Он потянул за сверкающую в свете факела рукоять и извлек из-под обломков породы длинный меч. Узкое прямое лезвие в полсажени длиной расширялось лишь к самому эфесу в форме наконечника стрелы. На широком перекрестье и круглом набалдашнике красовалась лазурная отделка. Размером меч походил на полуторник армии Порядка, но весил меньше и был лучше уравновешен. Сетар поднял клинок, сжал рукоять до хруста пальцев и выдохнул почти что с блаженством.
— Поглядите на него, — Онтао усмехнулся, почесав кончик длинного носа. — Будто прожженная пьянь добралась до бутылки Старого вина.
Пока дружинник любовался оружием, Кутри изучал кинжал, лежавший рядом, и неожиданно обнаружил на его лезвии выскобленную надпись — символы еле уместились и были трудно различимы.
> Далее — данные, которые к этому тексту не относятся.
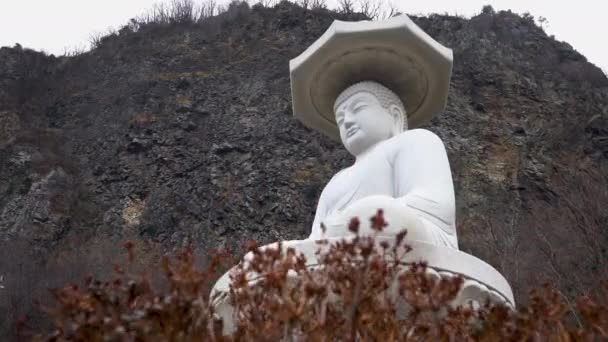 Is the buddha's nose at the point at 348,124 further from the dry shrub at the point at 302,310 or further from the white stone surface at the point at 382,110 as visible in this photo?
the dry shrub at the point at 302,310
Он подозвал Ланво, и ведун прочитал вслух:
— «Слишком далеко, слишком глубоко. Битву против самих себя нам не выиграть. Опасайтесь тайны».
— Предупреждение для таких как мы, — Холвет поднялся с корточек. — Что бы оно могло значить?
— Там что-то про битву, — закряхтел Будор, нагибаясь за небольшим круглым щитом, который не тяжело нести. — Больше мне знать не надо — к битве я готов.
— Зря ты это сделал, — Ярнея с укором посмотрела на него. — Если это путешествие нас чему-то и научило, так это уважению к мертвецам.
— Да брось, — воин махнул свободной рукой. — Мертвецу он не нужен, а мне, вот увидишь, еще пригодится.
— Лучше бы не пригодился, — вздохнула Кителиа. — Лучше бы все это уже закончилось. Для этого надо идти дальше, но как хочется отдохнуть еще самую малость!
— Отдохнем в другом месте, — угрюмо возразил Камдоб. — Здесь уже занято.
Минули еще три развилки и снова сделали привал. Ноги пока держали хорошо, однако нарастающая тяжесть в мыслях мешала продвигаться быстрее. Быть может, и они зашли слишком далеко и спустились слишком глубоко? Послание на кинжале предупреждало об опасности. Оно было создано сотни лет назад, но только что путники воочию увидели, что сотни лет для пещеры — не так уж долго.
Сетар сидел, привалившись к стене, и точил твердый металл клинка об обломок черной породы. Он досадовал, что не знает, схожи ли его тревоги с помыслами остальных. Но сам он не решался заговорить о насущном, чтобы понапрасну не омрачать их надломленный дух. И уж точно не всеми мыслями он был готов поделиться.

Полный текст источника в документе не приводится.